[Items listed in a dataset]
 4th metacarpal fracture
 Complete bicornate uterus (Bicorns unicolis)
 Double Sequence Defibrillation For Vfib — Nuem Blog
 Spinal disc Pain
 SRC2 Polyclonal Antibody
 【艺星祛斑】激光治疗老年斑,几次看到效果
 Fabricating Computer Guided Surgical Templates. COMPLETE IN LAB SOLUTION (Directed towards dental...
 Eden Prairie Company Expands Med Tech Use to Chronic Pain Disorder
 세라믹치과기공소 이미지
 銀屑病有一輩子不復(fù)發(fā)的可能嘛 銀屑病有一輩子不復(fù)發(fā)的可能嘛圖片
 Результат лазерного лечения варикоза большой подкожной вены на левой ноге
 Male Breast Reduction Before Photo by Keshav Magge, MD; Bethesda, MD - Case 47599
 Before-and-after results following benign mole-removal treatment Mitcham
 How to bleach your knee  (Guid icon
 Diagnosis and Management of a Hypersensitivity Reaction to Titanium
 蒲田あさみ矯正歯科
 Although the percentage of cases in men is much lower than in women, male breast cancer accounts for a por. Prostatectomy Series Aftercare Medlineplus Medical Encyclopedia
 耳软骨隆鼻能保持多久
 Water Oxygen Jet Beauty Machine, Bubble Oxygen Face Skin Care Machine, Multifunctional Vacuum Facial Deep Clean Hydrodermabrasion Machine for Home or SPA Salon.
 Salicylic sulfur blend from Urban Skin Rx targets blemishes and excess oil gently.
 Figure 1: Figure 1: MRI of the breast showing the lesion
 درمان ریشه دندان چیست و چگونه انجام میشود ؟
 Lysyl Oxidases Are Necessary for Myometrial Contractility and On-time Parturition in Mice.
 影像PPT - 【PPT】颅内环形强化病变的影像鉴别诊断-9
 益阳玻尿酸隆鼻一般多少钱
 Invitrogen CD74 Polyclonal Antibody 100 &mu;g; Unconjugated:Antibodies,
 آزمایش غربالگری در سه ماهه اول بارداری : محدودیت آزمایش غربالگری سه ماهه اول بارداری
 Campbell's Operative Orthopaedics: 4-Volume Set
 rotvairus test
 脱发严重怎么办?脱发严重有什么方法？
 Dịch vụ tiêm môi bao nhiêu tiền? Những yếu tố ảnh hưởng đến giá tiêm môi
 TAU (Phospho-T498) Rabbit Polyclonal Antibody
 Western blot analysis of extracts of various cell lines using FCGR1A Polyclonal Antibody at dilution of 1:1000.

# Instructions to follow
Output the records verbatim, from the first line to the last.

# Answer section
 4th metacarpal fracture
 Complete bicornate uterus (Bicorns unicolis)
 Double Sequence Defibrillation For Vfib — Nuem Blog
 Spinal disc Pain
 SRC2 Polyclonal Antibody
 【艺星祛斑】激光治疗老年斑,几次看到效果
 Fabricating Computer Guided Surgical Templates. COMPLETE IN LAB SOLUTION (Directed towards dental...
 Eden Prairie Company Expands Med Tech Use to Chronic Pain Disorder
 세라믹치과기공소 이미지
 銀屑病有一輩子不復(fù)發(fā)的可能嘛 銀屑病有一輩子不復(fù)發(fā)的可能嘛圖片
 Результат лазерного лечения варикоза большой подкожной вены на левой ноге
 Male Breast Reduction Before Photo by Keshav Magge, MD; Bethesda, MD - Case 47599
 Before-and-after results following benign mole-removal treatment Mitcham
 How to bleach your knee  (Guid icon
 Diagnosis and Management of a Hypersensitivity Reaction to Titanium
 蒲田あさみ矯正歯科
 Although the percentage of cases in men is much lower than in women, male breast cancer accounts for a por. Prostatectomy Series Aftercare Medlineplus Medical Encyclopedia
 耳软骨隆鼻能保持多久
 Water Oxygen Jet Beauty Machine, Bubble Oxygen Face Skin Care Machine, Multifunctional Vacuum Facial Deep Clean Hydrodermabrasion Machine for Home or SPA Salon.
 Salicylic sulfur blend from Urban Skin Rx targets blemishes and excess oil gently.
 Figure 1: Figure 1: MRI of the breast showing the lesion
 درمان ریشه دندان چیست و چگونه انجام میشود ؟
 Lysyl Oxidases Are Necessary for Myometrial Contractility and On-time Parturition in Mice.
 影像PPT - 【PPT】颅内环形强化病变的影像鉴别诊断-9
 益阳玻尿酸隆鼻一般多少钱
 Invitrogen CD74 Polyclonal Antibody 100 &mu;g; Unconjugated:Antibodies,
 آزمایش غربالگری در سه ماهه اول بارداری : محدودیت آزمایش غربالگری سه ماهه اول بارداری
 Campbell's Operative Orthopaedics: 4-Volume Set
 rotvairus test
 脱发严重怎么办?脱发严重有什么方法？
 Dịch vụ tiêm môi bao nhiêu tiền? Những yếu tố ảnh hưởng đến giá tiêm môi
 TAU (Phospho-T498) Rabbit Polyclonal Antibody
 Western blot analysis of extracts of various cell lines using FCGR1A Polyclonal Antibody at dilution of 1:1000.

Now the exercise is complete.